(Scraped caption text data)

>>>>

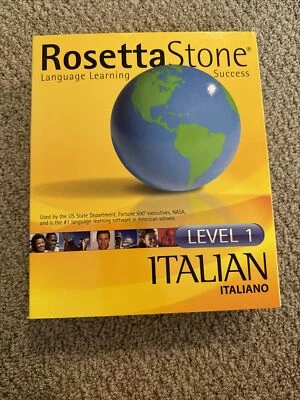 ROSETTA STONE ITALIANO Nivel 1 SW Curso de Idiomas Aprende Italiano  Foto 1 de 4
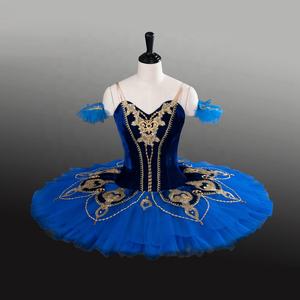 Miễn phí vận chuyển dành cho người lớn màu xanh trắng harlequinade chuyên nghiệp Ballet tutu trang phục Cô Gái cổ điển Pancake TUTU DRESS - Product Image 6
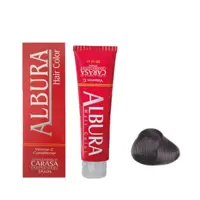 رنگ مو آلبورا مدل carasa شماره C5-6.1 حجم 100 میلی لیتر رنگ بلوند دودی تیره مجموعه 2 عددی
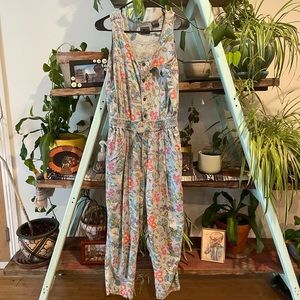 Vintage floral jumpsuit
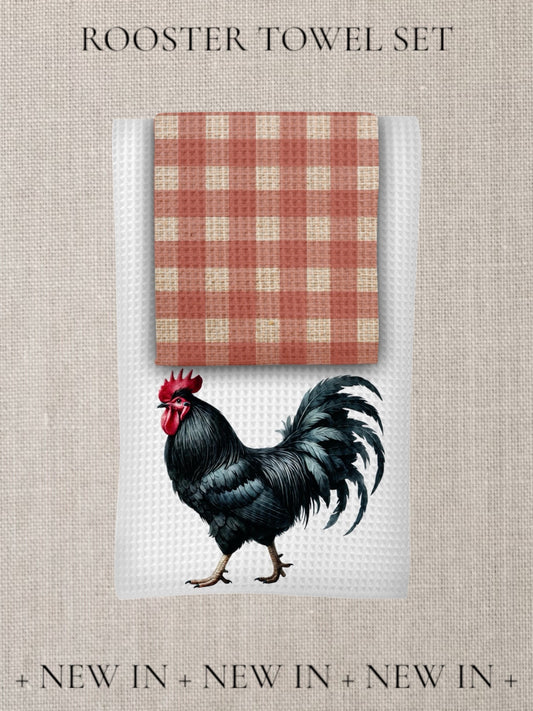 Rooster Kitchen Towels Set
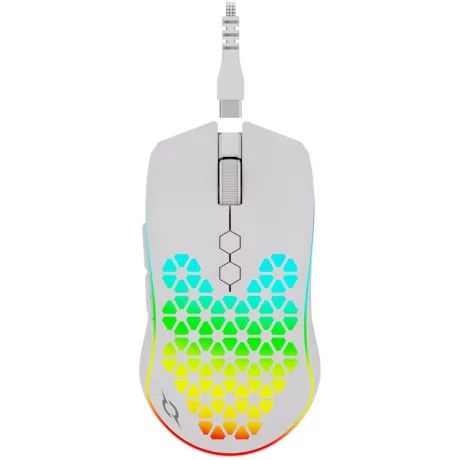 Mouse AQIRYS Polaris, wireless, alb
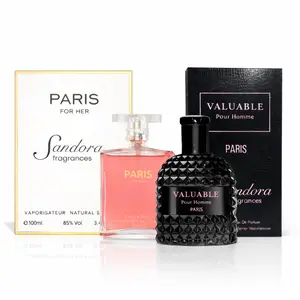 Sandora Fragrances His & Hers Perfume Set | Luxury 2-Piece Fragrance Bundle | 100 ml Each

<<<<

In the records above, find the line containing "Rooster Kitchen Towels Set", then please restate it and each line after it word for word, pictures excluded.

 Rooster Kitchen Towels Set
 Mouse AQIRYS Polaris, wireless, alb
 Sandora Fragrances His & Hers Perfume Set | Luxury 2-Piece Fragrance Bundle | 100 ml Each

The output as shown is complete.